On Free Trade With Colombia

Nicholas Kristof slams those go-it-alone-cowboys who oppose the proposed trade pact with Colombia but then he notes:

Some Democrats claim that they are against the pact because Colombia has abused human rights. Those concerns are legitimate — but they shouldn’t be used to punish people like Norma Reynosa, a 35-year-old woman who just may snip the flowers that go into the Mother’s Day bouquet that you buy … One reason is those bouquets you buy, entering duty-free from Colombia. These days Colombia is the world’s second-largest exporter of flowers after the Netherlands, and almost 200,000 people work in the flower industry. Up to 28 cargo planes a day carry flowers from Colombia to the U.S. Better carnations than cocaine, no? Critics of the free-trade pact worry that it would hurt American workers. But Colombian goods already enter the U.S. duty-free; what would change is that American exporters would get access to the Colombian market.

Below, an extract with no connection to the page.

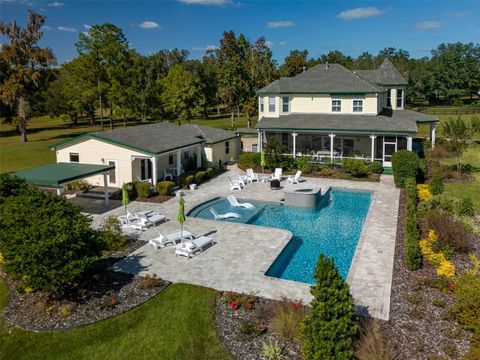 Tiny photo for 8070 W Highway 326, Ocala, FL 34482 (MLS # OM712955)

Did you get that? We currently don’t impose tariffs on imports from Colombia. So how is maintaining the status quo punishing Norma Reynosa? And I just don’t get this close:

One of President Bush’s most costly actions was his flat rejection of the Kyoto climate treaty; it symbolized a my-way-or-the-highway approach that bolstered anti-Americanism around the world. If the Colombia free-trade pact is rejected and the U.S. backs away from its commitment to expanding trade, that may be the Democrats’ equivalent of Kyoto, signaling a retreat from internationalism. It would be seen as the United States thumbing its nose at the world.

Are we thumbing our noses by having no tariffs – or just by not promising never to have tariffs in the future? But to be fair, going from a policy of no tariffs on Colombian imports to no tariffs on Colombian imports isn’t going exactly to cost lots of American jobs, while getting Colombia to lower its tariffs may boost our exports just a wee bit.